## TASK REQUIREMENTS
Could you write out, exactly and with no pictures, every line from the one containing "Personal Space Desk Divider Feet, For" through the last line of the entries?

================================

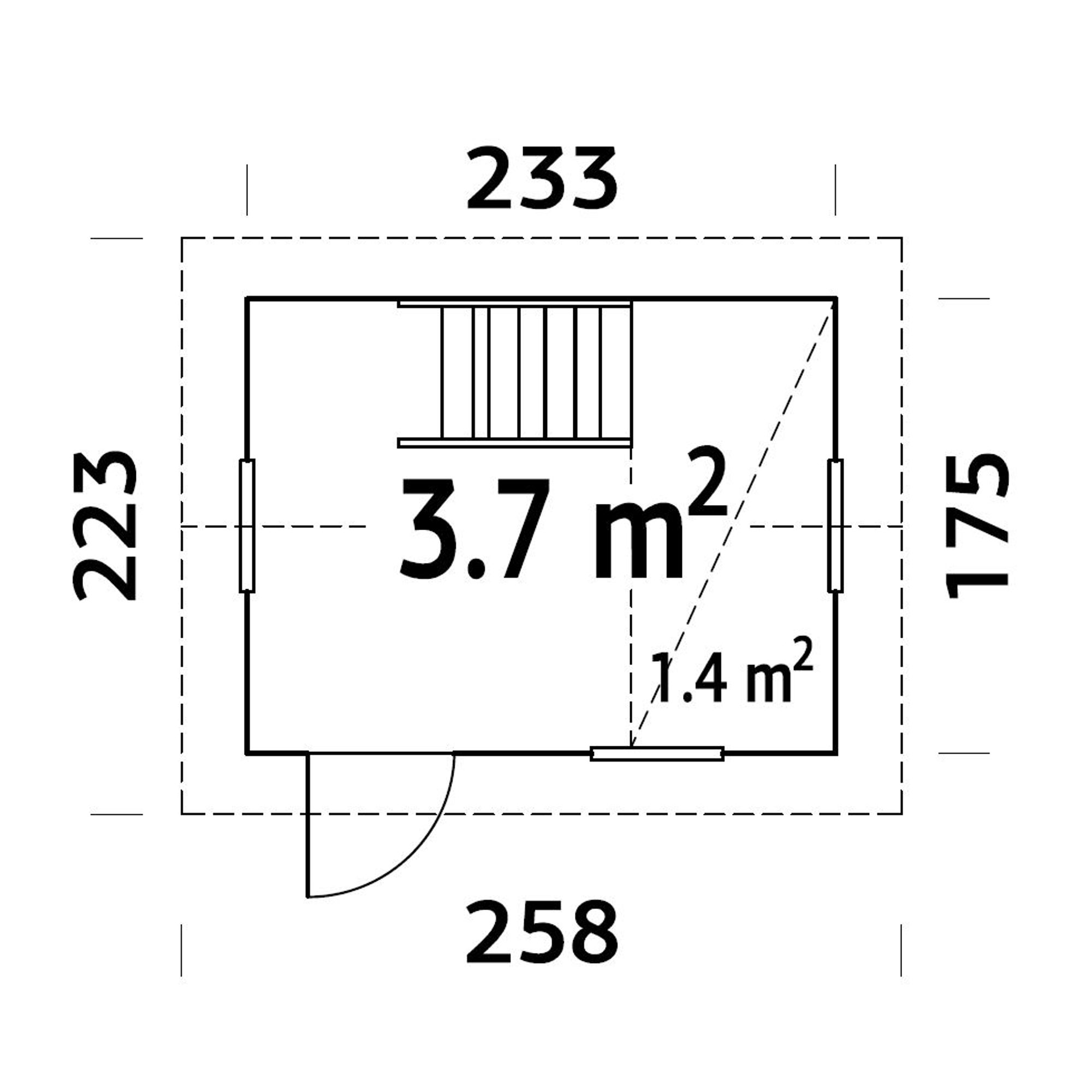 Lekehus Palmako Grete 3,7 m2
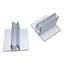 Personal Space Desk Divider Feet, For The Pencil Grip Personal Space Desk Dividers, Clear, 48/pack
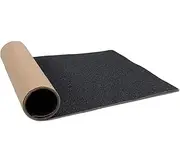 ZUEXT 11" x 44" Skateboard Grip Tape Sheet, Bubble Free Waterproof Black Scooter Grip Tape, Longboard Griptape, Sandpaper for Rollerboard, Stairs, Gun, Pedal, Pistol, Wheelchair, Steps (110x27cm)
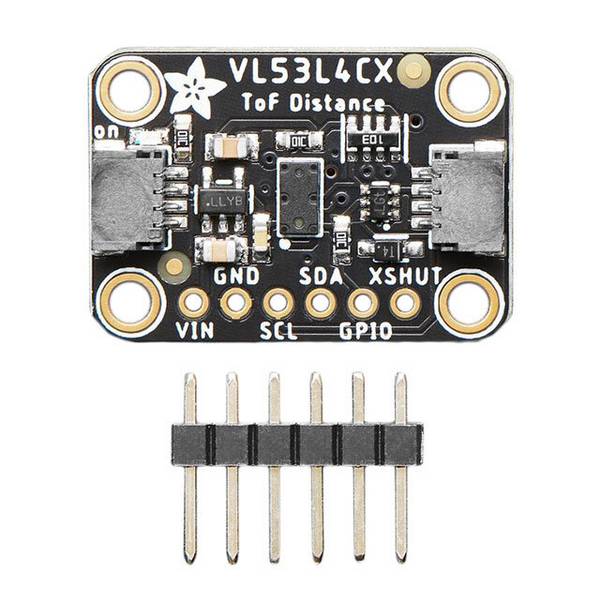 Adafruit VL53L4CX Licht, 3D-Laufzeit (ToF) Sensor Qwiic, STEMMA QT Plattform-Evaluierung Erweiter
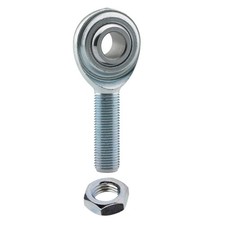 Rod End 3/8 x 3/8-24 ECM6 Male Economy Right Hand Rod End Bearing with Jam Nu...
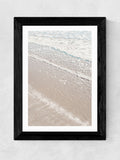 East End Prints black beach framed art print, UK version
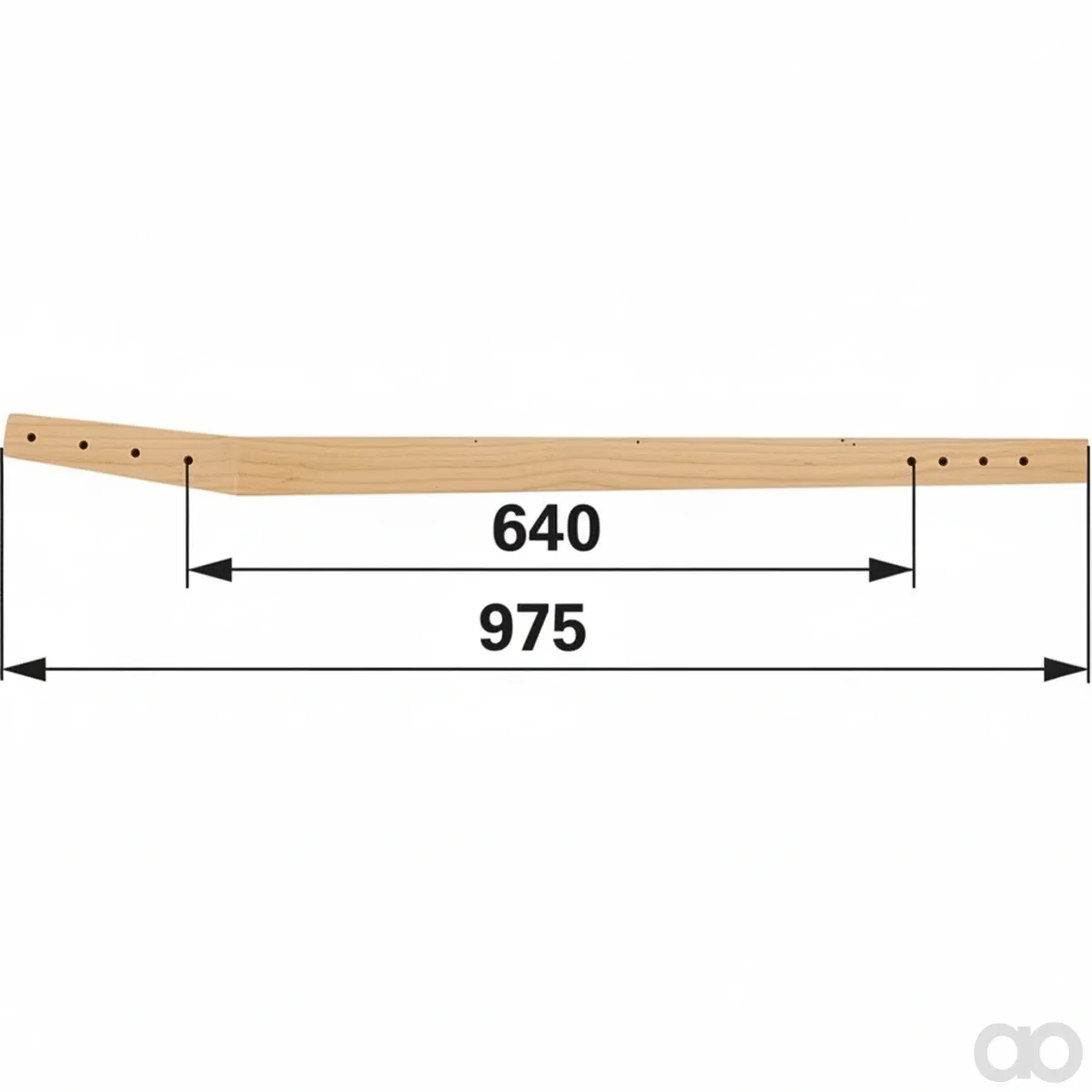 Prillinger - 00625304 - Driving Rod Wood Instead of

================================

## OUTPUT OF THE TASK
 Personal Space Desk Divider Feet, For The Pencil Grip Personal Space Desk Dividers, Clear, 48/pack
 ZUEXT 11" x 44" Skateboard Grip Tape Sheet, Bubble Free Waterproof Black Scooter Grip Tape, Longboard Griptape, Sandpaper for Rollerboard, Stairs, Gun, Pedal, Pistol, Wheelchair, Steps (110x27cm)
 Adafruit VL53L4CX Licht, 3D-Laufzeit (ToF) Sensor Qwiic, STEMMA QT Plattform-Evaluierung Erweiter
 Rod End 3/8 x 3/8-24 ECM6 Male Economy Right Hand Rod End Bearing with Jam Nu...
 East End Prints black beach framed art print, UK version
 Prillinger - 00625304 - Driving Rod Wood Instead of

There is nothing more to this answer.